There is excess air that absorbs heat. Same quantity of fuel => same quantity of heat, but more air. That decreases alpha.

There is excess oxygen. Reaction rate is proportional to concentration^order, you're increasing oxygen concentration while keeping fuel concentration the same, since the cylinder is still the same volume but you have higher partial pressure of oxygen. That increases omega (with the dot over it).

Going from 1.0 to 1.2 lambda isn't a massive change all things considered, so assuming the effects cancel out is approximately correct. You can always use less timing advance to be safe.

Side note: In the case of adding EGR, reaction rate is not affected much since the concentration of CO and NO is tiny, but you're also raising the temperature considerably which speeds up the reaction.
Concentration.

Omega naught is proportional to the concentration of reactants. In one instance, you are reducing one reactant ( gasoline ). On the other hand you are keeping the oxidizer concentration ( oxygen ) constant. Omega naught will be smaller.

Also, you are ignoring the other variable. Temperature. With less fuel and more air, T(sub b) is smaller ( the flame front burns at a lower temperature ). The temperature relation in the parentheses will be smaller.

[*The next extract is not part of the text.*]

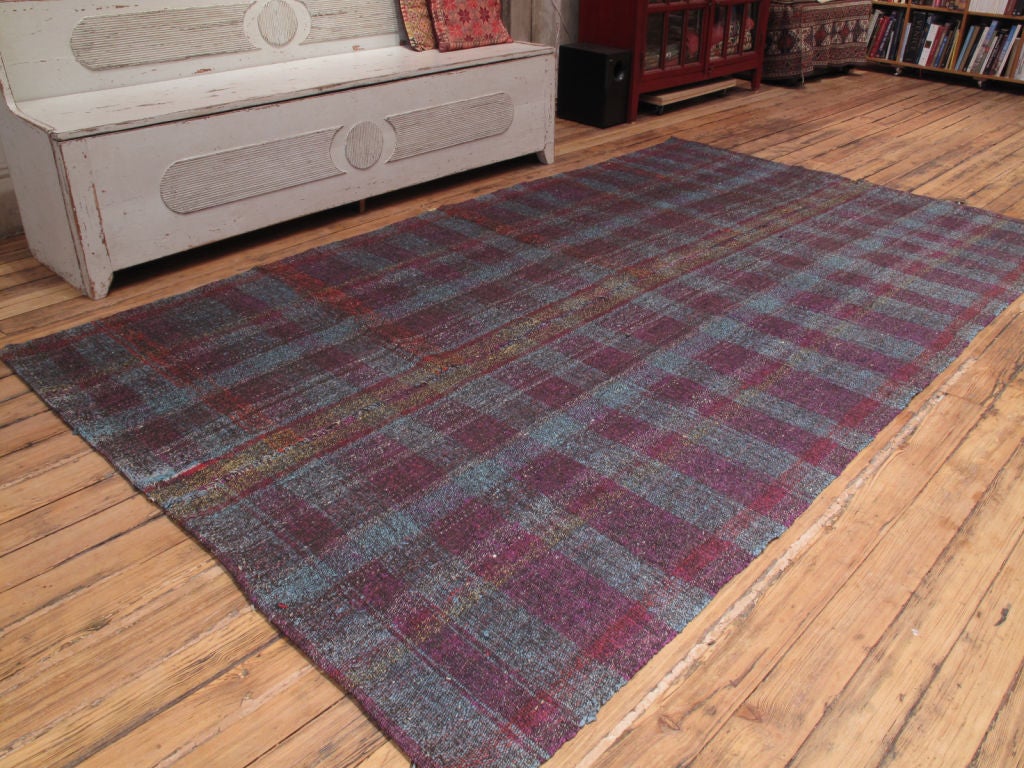 Pala Kilim rug. Vintage Turkish kilim rug woven using re-cycled cotton fabric, wool and goat hair. This is a technique used by weavers all around the world. We recently acquired a number of these rugs and they are more sturdily made, with great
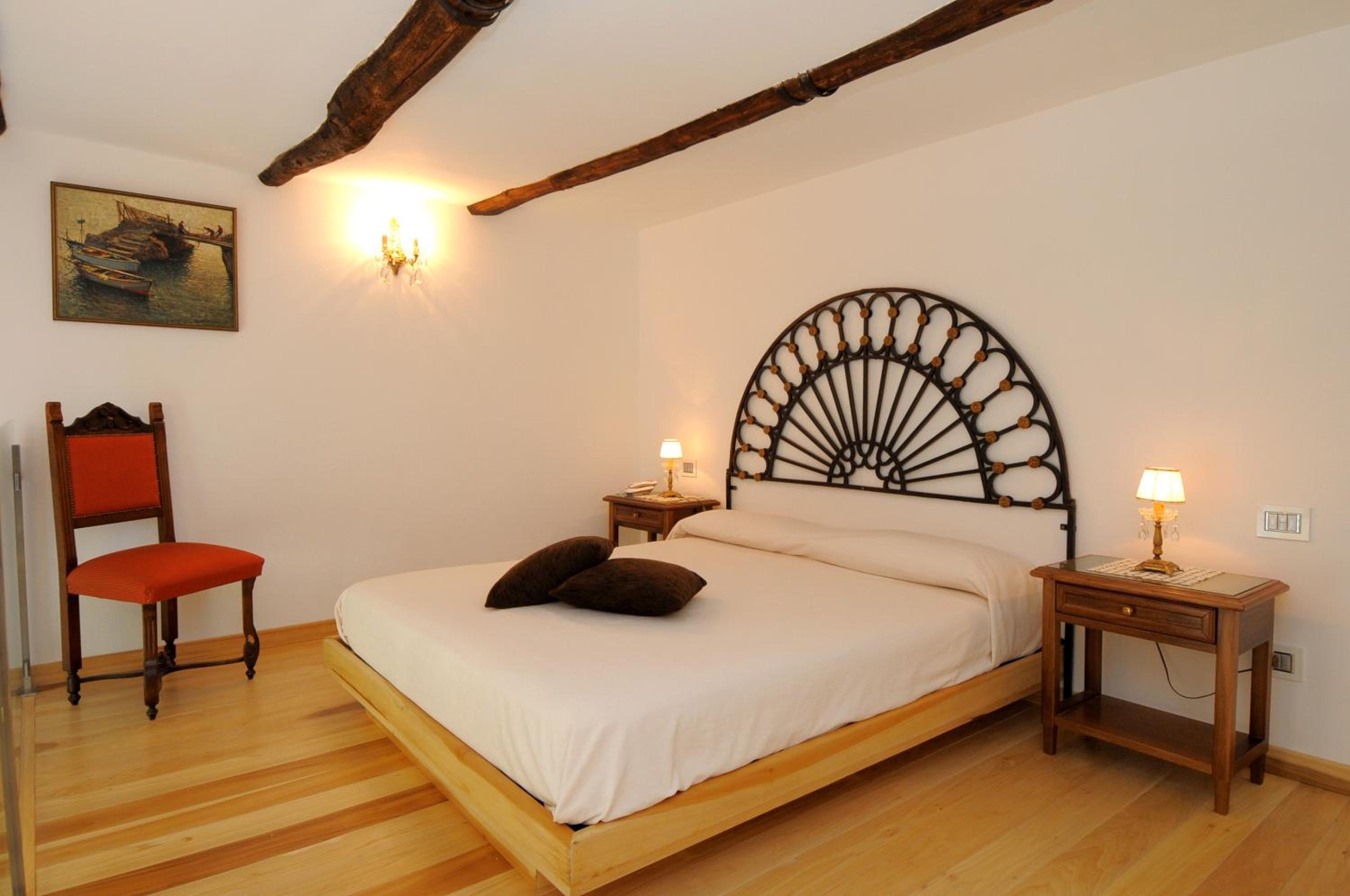 Junior Suite with Balcony - Photo 19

At just this side of lean lambda, it is known that burn rate increases. But it rapidly falls off. I worked with three Chrysler vehicles and their lean burn systems. A four, six and V8. At 18:1 AFR, all of them needed quite a bit of ignition advance (60 DCA before TDC, average). However, you are correct in that the addition of EGR increased flame speed and ignition advance could be pulled back to 35-45 BTDC.